David Richards, Team Principal:
“We have already enjoyed a far better year than anyone could ever have expected but as our focus over the last few months has been on tarmac development, another podium result would be a surprise finish to a year that has far exceeded everyone’s expectation. Yet, I’m certain that both drivers are looking forward to a strong performance on the MINI WRC Team’s British debut in front of our home fans.”
Dani Sordo (MINI John Cooper Works WRC No 37):
“I like the rally a lot even though it is really difficult. It is usually wet and so the roads are very muddy. Even though I do remember some good weather, there is still the mud. There are a lot of new stages for me so it will be difficult to get the pace notes right, but this is something I shall work on with Carlos. The car should be okay there. We have done some testing which has been good, so I am happy going into the event.”
Kris Meeke (MINI John Cooper Works WRC No 52):
"Without a rally in Ireland, this is as near to a home event as it gets for me. I did my first ever rally in Wales and grew up doing British championships, so feel very much at home there as it is terrain I felt quite comfortable on. We have to keep our expectations in check, even though I am sure we will have a lot of local support. The good thing is we have a level playing field in Wales, as there are lots of new stages this year and they are even new for the championship regulars. The conditions should be consistent for everyone and this will allow us to assess our car on the event. I would certainly like to finish the season on a high.”

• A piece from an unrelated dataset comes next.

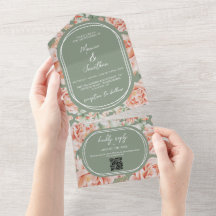 Rustikale Hochzeit der Wasserfarben mit grünem Blü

Robert Bosch UK President Peter Fouquet:
“Bosch Original Equipment, Bosch Motorsport and Bosch Engineering are delighted to be celebrating the Bosch 125th anniversary with its BMW/MINI customer at Rally GB. The company has been a long time supplier of technology, components and systems to BMW at its Hamms Hall engine plant and the MINI production facility in Oxford. The rally will provide Bosch engineers with an opportunity to gain direct customer feedback on components driven under such testing conditions."
History and Background:
While the names Clocaenog, Gartheiniog, Dyfi and Myherin may not be the easiest to pronounce for anyone who is not Welsh, they are names that are synonymous with rallying in Wales and therefore well known. However, while some of the famous stages are included in the route of this year’s rally, there are many new ones.
It was in 2000 that this event, previously known as the RAC Rally which visited England, Scotland and Wales, was confined to just the Welsh stages. The one thing that is predictable about the event is that the weather in Wales in November is far from predictable. The competitors could face conditions that range from warm autumnal sunshine to snow and ice, or anything in between.
The rally goes the length and breadth of the country, as the Rally HQ is in Cardiff right down south, the permanent service park is in the Royal Welsh Showground in Builth Wells in mid-Wales, and the start and first stage around the Great Orme are in Llandudno in the north.
The start on Thursday in Llandudno is at 14.30. The crews then complete three stages over 25.25 kilometres before returning to this seaside town for an overnight halt, with the first car due in parc fermé at 18.55. On Friday the first car out of parc fermé is at 05.30. The crews will then complete four stages before arriving for service in Builth Wells at 12.00. In the afternoon there are another four stages before another service halt and then the journey to Cardiff, where the first car is due at 20.47 after 142.87 kilometres of stages. Day three starts from Cardiff at 06.00. The cars then head to Builth Wells for service, and during the day complete another six stages and 128.06 kilometres of stages before arriving back at Cardiff at 19.16. For the final day the first car leaves Cardiff at 04.55 and there are another six stages and 84.04 kilometres of competition, including Monument which is the 4.36 kilometre Power Stage at 12.11. After the final service in Builth Wells the first car is due back in Cardiff at 14.52. In total there are 354.97 kilometres of stages in a total distance of 1860.60 kilometres.